Love That Casts Out Fear
“For the Souls in Purgatory – Eternal rest grant unto them O Lord”

1 John 4:16b–19
God is love, and whoever remains in love remains in God and God in him. In this is love brought to perfection among us, that we have confidence on the day of judgment because as he is, so are we in this world. There is no fear in love, but perfect love drives out fear because fear has to do with punishment, and so one who fears is not yet perfect in love. We love because he first loved us.
Grace Prayed For
The grace to allow God’s perfect love to displace the fears that keep me small and distant from Him and others.
Reflection
Fear is the opposite of mission. It is the invisible wall that keeps us from the well, from the father’s house, from the desert encounter, from everything we have been contemplating this week. And John names it plainly: love and fear cannot fully coexist. One will drive out the other. The question is which one we are feeding.
“God is love.” This is one of the most radical theological claims in all of Scripture. Not merely that God loves, or that God is loving, but that love is the very nature and substance of who God is. Everything that flows from God flows from this source. The creation of the world, the calling of Israel, the Incarnation, the cross, the resurrection—all of it is love expressing itself, love being faithful to its own nature. When we “remain in love,” John says, we remain in God Himself. The interior life is not a self-improvement project; it is a dwelling place.

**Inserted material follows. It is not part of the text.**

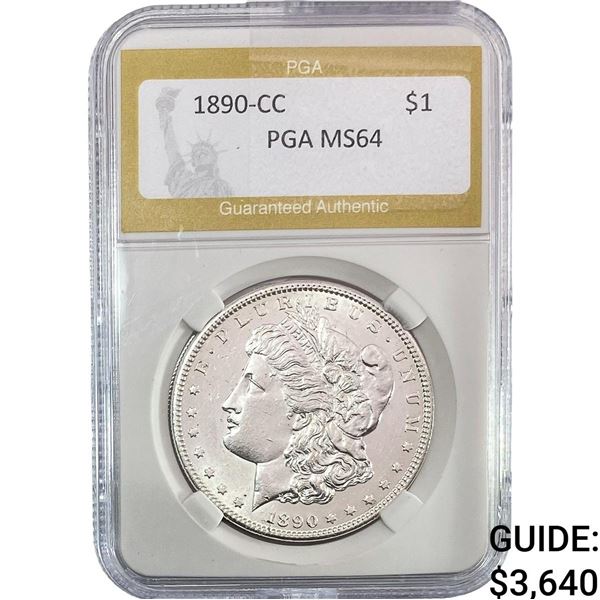 1890-CC Morgan Silver Dollar PGA MS64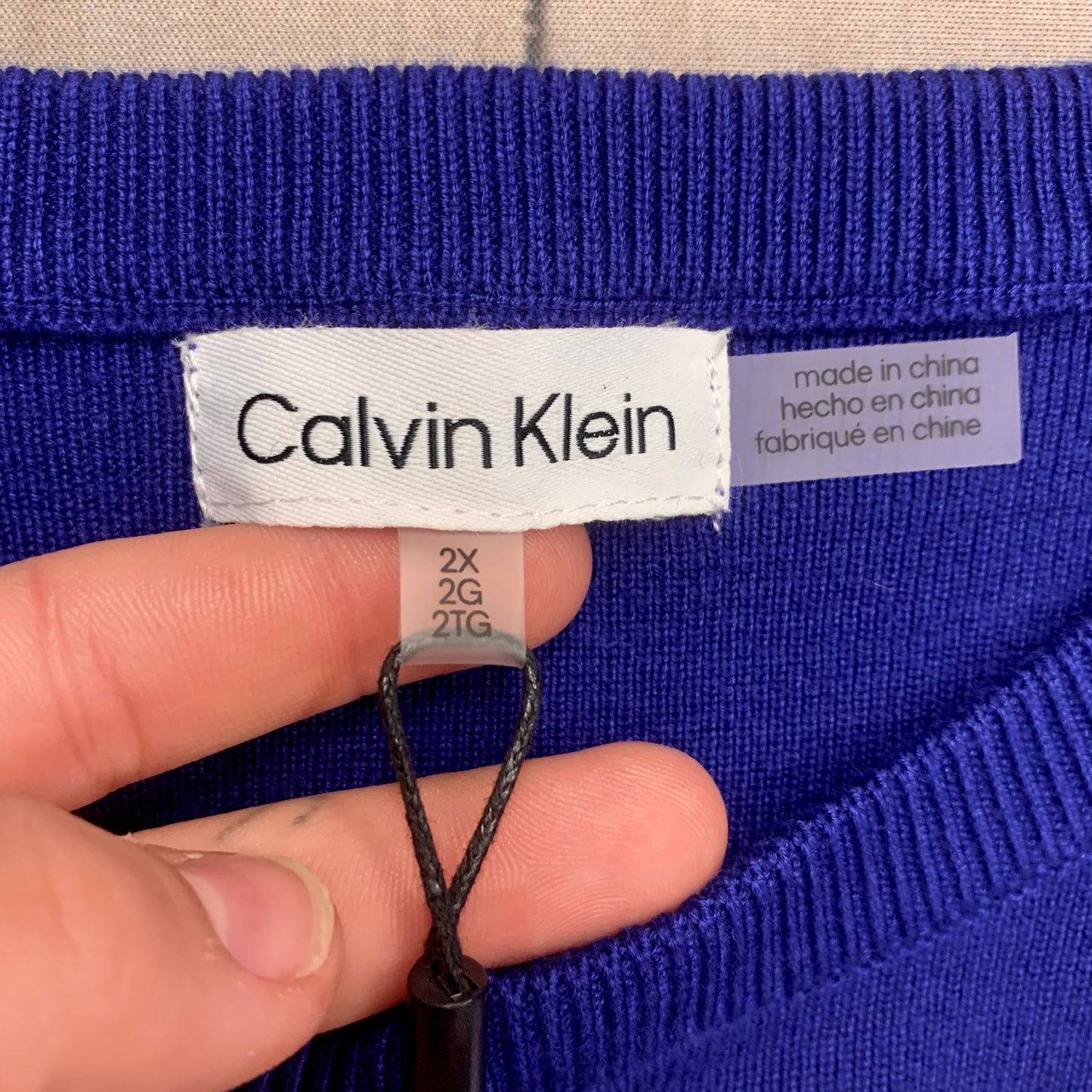 Sweater By Calvin Klein In Blue, Size: 2x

But John is a realist. He knows that our experience of love is incomplete, that we live in a world where fear is a constant companion. Fear of failure, fear of rejection, fear of not being enough, fear of what God might require of us if we open ourselves fully to Him. These fears are not trivial. They are the residue of wounds, of broken trust, of moments when love did not show up or showed up looking like punishment.
This is why John’s phrase “perfect love drives out fear” is not a rebuke to those who are afraid but a promise for those who are willing to keep receiving. Perfection here does not mean flawlessness. It means completeness, fullness, love that has been allowed to reach into every corner of the heart. The antidote to fear is not willpower or self-discipline; it is more love. We are not shamed out of fear. We are loved out of it.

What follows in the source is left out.